I was taken aback recently when reading Hugh Mackay’s scathing article against the upper-middle socioeconomic stratum and their demands for expensive private schooling, in August 10’s article in The Age.  What begins as an assault on these parents “abdicating their parental duties”  to the social policies incorporated and  employed by private schools, becomes an outright attack on private schools being the new tool by which parents (these abdicating, absent and apathetic parents) are buying social status, grades and future jobs.

 

There’s a small piece of me that wants to poke out my tongue and give a resounding “well D’Uh”.  Without a good education jobs are harder to come by. Year 12 is about getting good grades, you ARE competing against every other year 12 student for a place at University. This is why we have a UAI. A ranking system by which we are all graded and subjected to in order to be found worthy of tertiary education.  And it doesn’t matter which school you go to, whether it be private or public, you are still ranked, still graded and still judged on your academic performance.

 

The days of school being for expanding and broadening, developing a lust for and nurturing that pursuit of one’s knowledge went the way of the Dodo decades ago. Indeed, when I was in high school more than a decade ago, the emphasis was placed on getting good grades to earn the good TER and therefore better your chances of getting into University, nothing about nurturing and developing a curious hunger for knowledge for its own sake.

 

And what is so wrong about wanting the best for our children? The old adage that you get what you pay for is as true in education as it is in every other facet of life. To illustrate this point, my daughter is a keen musician and not completely without talent. In choosing a school for her, (which when you are a military family tends to  happen every two years) I must take this passion into consideration. She is a much happier child, performs better academically and socially when she is able to express herself musically. 

 

Where I currently live, our local public schools are a mixed bag.

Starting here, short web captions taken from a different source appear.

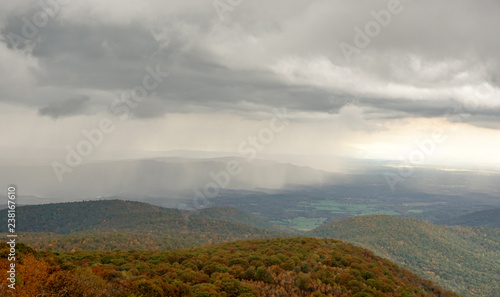 fall color forest and rolling hills and valleys in the Appalachians of Virginia with rain and clouds in the distance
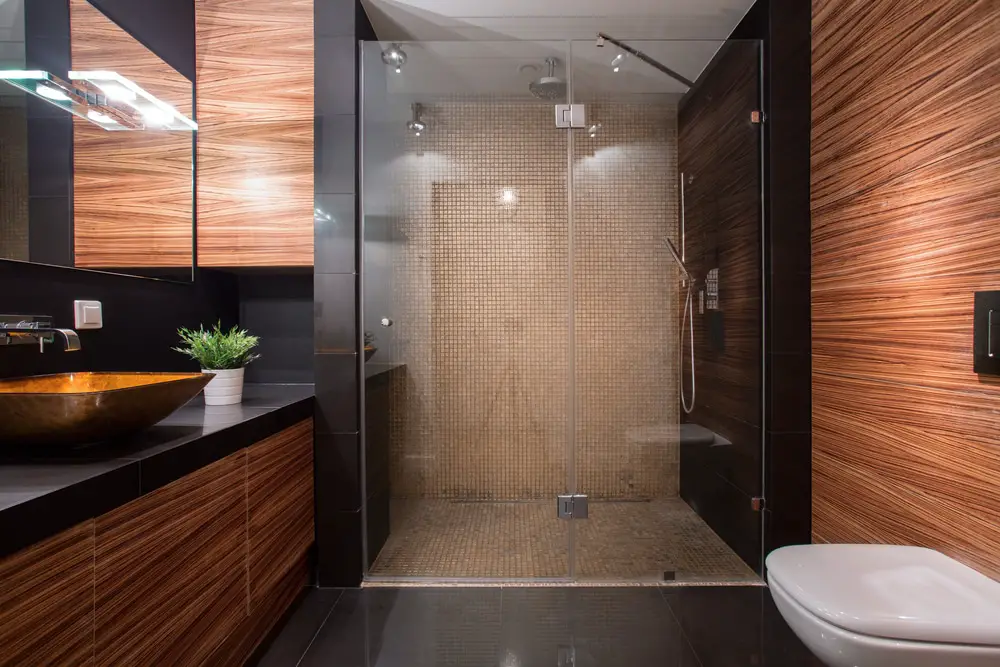 a modern oriental bathroom design with mosaic wall tiles and reddish brown wood veneer and acrylic tabletop lavatory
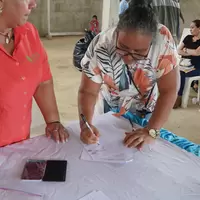 Mujer de la cooperativa firmando la personería jurídica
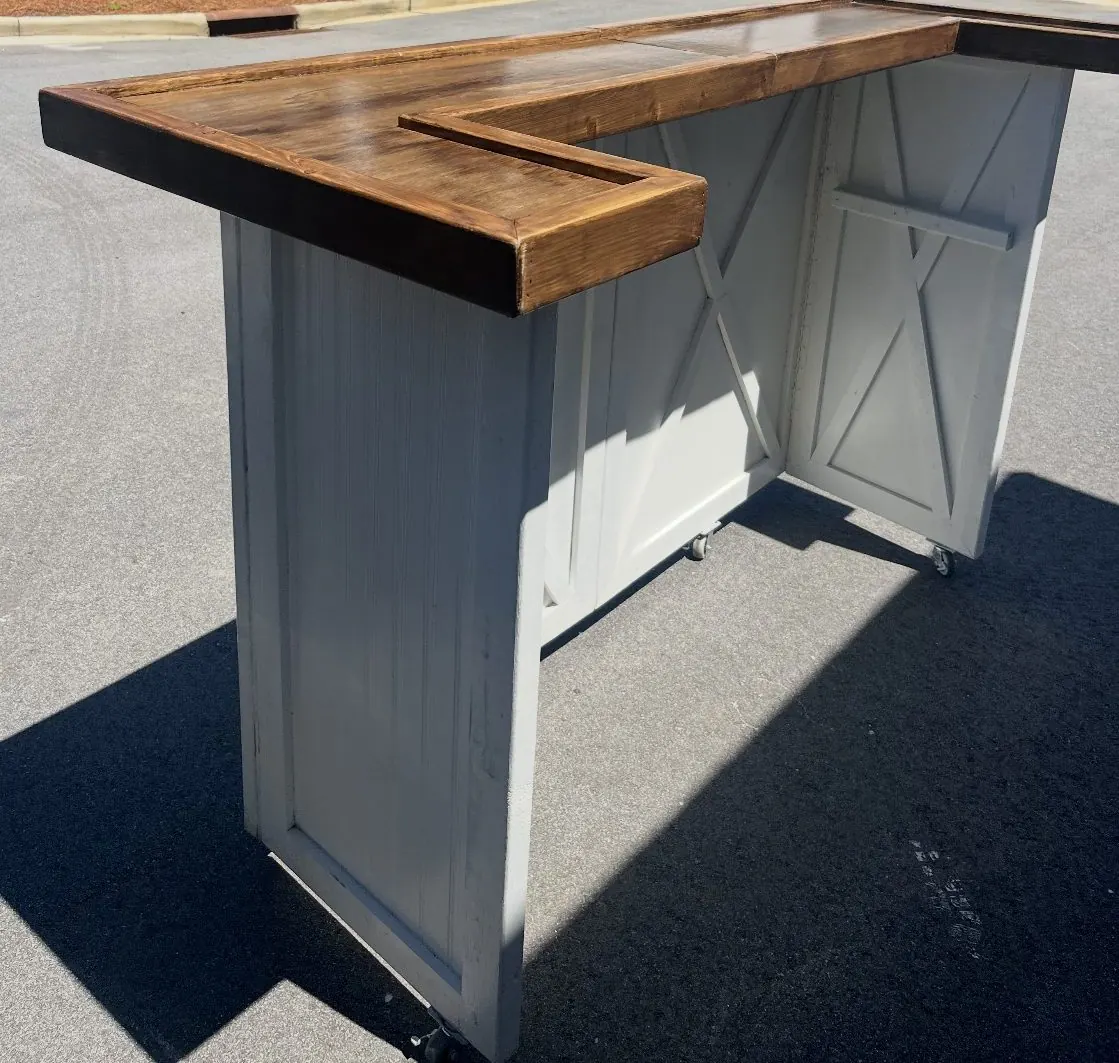 Rolling L-shaped bar with stained top and white X-brace panels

The two primary schools we are zoned for are woefully under funded and don’t  have a music program.  (FTR neither does the school she does attend which is private, but it does have a good choir and a wonderful staff that go above and beyond and (shock horror) I chose the school because of the family values and discipline it reinforces, there were two private schools in the area that have excellent music programs but they had no availability for her for enrolment, however, one of the schools allows her to attend their band practise every Tuesday morning and actually arranged transport for her to the practise and then to school, something that honestly, would not happen in a public school.)   

 

The point is that many private schools have better programs, resources and curriculum than their public school counterparts. If you can afford the best for your children, of course you are going to give them the best that you can.  

 

And whilst the claims in  Mackay’s article that private school is the tool of the class making devil, I am just as disturbed by his disdain for parents who want their children to be taught in an environment that teaches not only academics but common courtesy, manners, values and discipline.  Why are these value systems so maligned?  It’s not about having schools teach these fundamental basics of common politeness, it’s about having these values reinforced in their schooling life.  Yes, my children are privately schooled. Yes, I chose my children’s school  because it reinforced those basic social niceties that I have spent teaching them every day of their lives. And yes I resent being labelled as a parent who is abdicating my parental duties and choosing a school based on how well they can baby sit my children. 

 

My children spend the bulk of their waking hours at school five days a week. It’s only natural to want them to be in an environment that reinforces the values they learn at home.  Reinforces. There is no abdication there.  As for the push for private education being a sign of institutionalised class structuring, until the pressure for children to do well in school is lessened, then parents are going to continue to seek out the best educational opportunities for their children, which until public education reforms are made, will remain the dominion of the private school sector.